I think you're still confusing the UV that a actinic bulb puts out as something that it's not. Yes it make stuff glow a bit, as does a black light. Neither of these will give you a suntan, ever. They are not the same type of UV. There is 3 types of UV that all have different effects. UV-A, is visible like black lights and makes stuff glow pretty. That's about it. UV-B gives us suntans and sunburns and stimulates Vitamin D production in humans, and calcium uptake in reptiles and other creatures and is invisible. UV-C kills bacteria and is used in UV sterilizers for aquariums and medical equipment and is invisible.

Yes actinics are used in reef tanks by some, and some despise them because they make all corals glow pretty, even crappy ones where as a nice, good quality coral will be colorful under regular light.

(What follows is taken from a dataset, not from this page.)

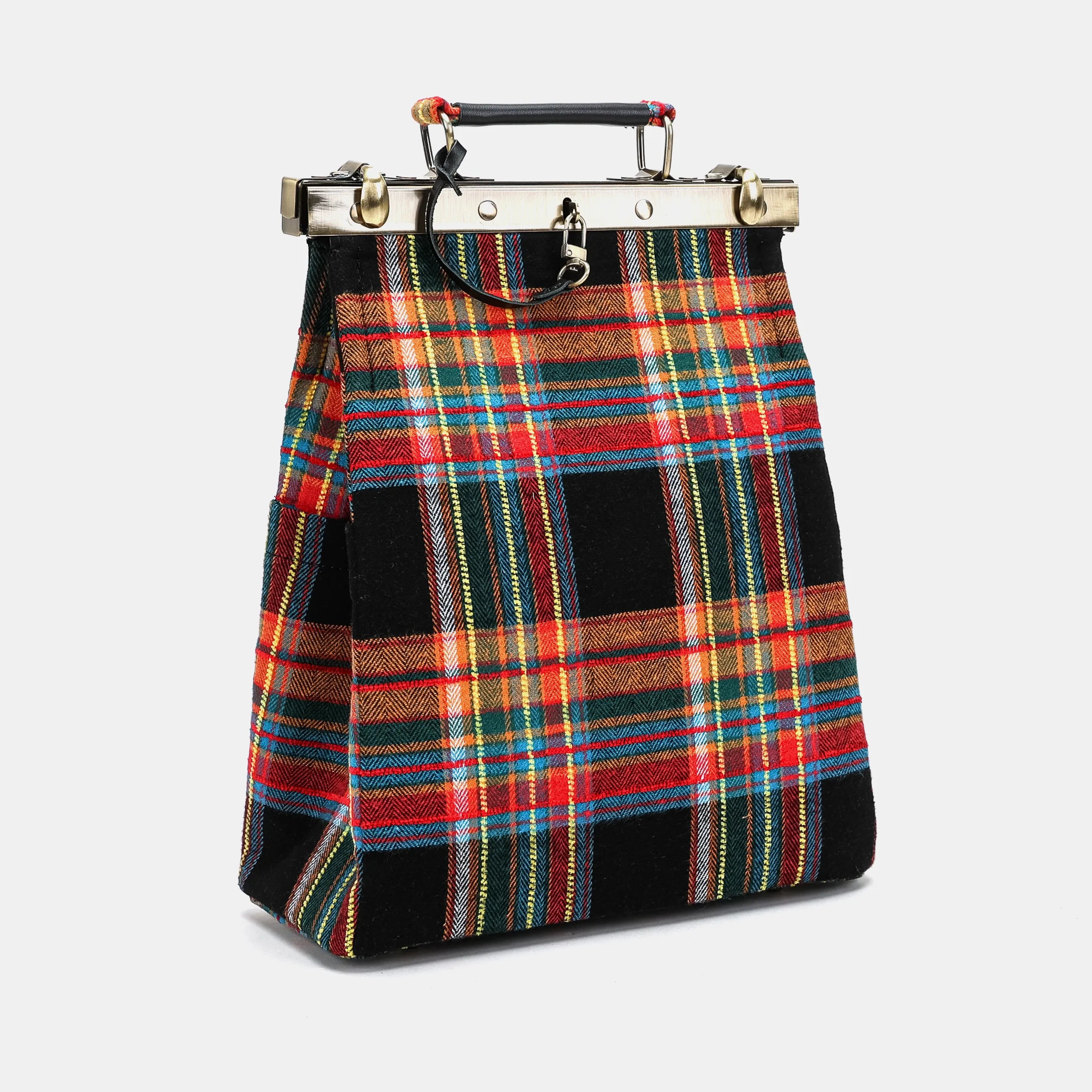 Tartan Stewart Black Helena Carpet Gladstone Backpack of America side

Cherry/fire red/pfr/whatever shrimp, get darker red as they age, regardless of the light. If you are trying to attribute the light to making your shrimp redder, I think you're on the wrong path. They get red as they get older, happens to all of them. I have several times culled too early, only to pull the culled shrimp back into the main tank because 3 months after I culled them, they turned a nice dark or solid red and they weren't that color when I put them in. It was just time they needed, not anything else.
 
#26 ·
hmmm... I have the question stuck in my head. ill have to make a setup using tanning bulbs(UV-A). then I can find out for sure. gotta find some lousy cherry shrimps.
 
#28 ·
I could also offer a trade. I would specifically go for shrimp with the least amount of color, since they would be the ones that show the most response to UV, if they show one at all. if I have shrimp that are naturally super red, its going to be hard to tell if my the tanning bulbs would make a difference. then again, a controlled experiment may still show a difference...
 
#29 ·
OK, so now that I have decided that I definitely want to do this experiment, I need to put a light together that produces almost entirely UV. I have decided that I want to use Tanning bulbs because I can get some that produce almost nothing but UV-A, which is enough to cause humans to tan but wont normally burn them. I imagine if shrimps can "tan" then these bulbs should work. the problem is, I have no idea how to put a lamp together to run the bulbs. can anyone refer me to a guide or instructional that explains how to build lights? as far as I know, there aren't any lights that are set up to run tanning bulbs that would be suitable for an aquarium.